You could start here:
Arctic sea ice – Arctic Sea Ice : Forum (arctic-sea-ice.net)

mike macray
Reply to  Willis Eschenbach
May 5, 2021 12:19 pm

Interesting informative post as usual Willis, many thanks.
A couple of thoughts: Arctic/Antarctic ice areas are of similar orders of magnitude but vastly disparate in volume. I don’t have hard data but Arctic floating ice is a few meters thick while Antarctic mostly land supported ice can be thousands of meters thick. Even including Greenland the disparity between North and South Polar ice masses must differ by a couple of orders of magnitude. Is there data on their respective ice volume seasonal variations?

Oh! and a tip for our favorite troll Griff: all that extra ice mass at the South pole is perhaps why it’s always at the bottom of the world map.
Cheers
Mike

Ryddegutt
May 5, 2021 3:28 am

It would have been more informative if the ice anomaly was expressed in percent relative to average.

That also goes for ice in Greenland. I think the reason the alarmist never uses perscent for this is to make the graphs more ambiguous. After all, the volume of ice in Greenland today is just 0.3% lower than 120 years ago. That’s not frightning enough for the audience.

Ryddegutt
Reply to  Willis Eschenbach
May 5, 2021 2:54 pm

Ok.Then the graphs make sense, but the text and scale on the y-axe is a bit confusing if it’s percentage.

Thanks for the answer and thanks for an interesting post.

Regards

May 5, 2021 11:28 am

One thing that comes to mind is advice several years ago that satellite sensors could not distinguish melt water on top of ice from ocean water. (There are areas of melt water on top of ice, I think those will vary with drifted snow and tilting of ice from floes pushing into each other due wind.)

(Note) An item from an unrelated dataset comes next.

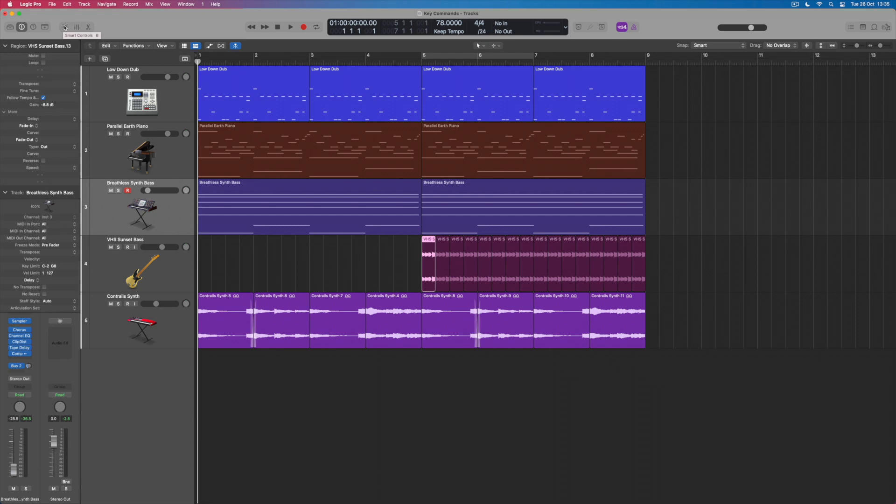Some of these are obvious—so for example E for editors makes sense and M for the mixer. B for the smart controls is a little bit less obvious, and so is Y for the library. I can discover that the library uses the last letter of that word for the key command rather than L. This is why learning these and getting them in your head so that you can reach them as muscle memory is really useful.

Perhaps someday they will be able to.

Reply to  Keith Sketchley
May 5, 2021 11:55 am

Erps, “….distinguish melt water on top of ice from open water.”

I also note that ice in the Arctic ocean varies in thickness, there’s much first year ice but there is multi-year ice – contrary to alarmist claims it does not all

I do not know granularity of measurement – edges of ice floes may be jagged so hard to measure.

Reply to  Keith Sketchley
May 5, 2021 12:14 pm

And idly thinking, I wonder what is on top of the mountains in the High Arctic – how much ice.

This article says it has an ice cap today, it and the main Wikipedia article show glacier flows. (The Arctic is generally dry.)

Flying past Axel Heiberg Island one night in a Hercules air freighter I took some comfort from the sound of four thrusters purring out there on the wings. (AKA C-130 with four turboprop engines.) I was only up there in winter, perhaps the moon was out, perhaps starlight is enough to see those big rocks given reflection from snow cover of the landscape.

(Islands in the southwestern Arctic are quite low, whereas Axel Heiberg is 7250 feet high. It is further north, almost 80N, on the west side of Ellesmere Island which is to the west of Greenland. WUWT readers may recognize weather base Alert, at 82.5N.)

Another article says Dorset people once lived there (Paleo-Eskimos). (They were displaced by Inuit from Alaska (Aleuts) and Siberia moving across the top of North America into Greenland – called Thule people there but many families are related between Canada and Greenland, between three and one millennia ago, no inhabitants today. (There are Inuit in Resolute Bay Nanavut, which is at 74.7N, they were transplanted there from somewhere south by the government of Canada, they do OK there.)

Frederik Michiels
May 7, 2021 3:59 am

Willis, perhaps looking at the aftermath of all big el nino’s may hold a track:

Last big el nino had the warm waters veering mainly south instead of north. (Saw that on a mainstream global warming makes el nino’s worse video)

Not sure if that volume would be enough to make such a big difference?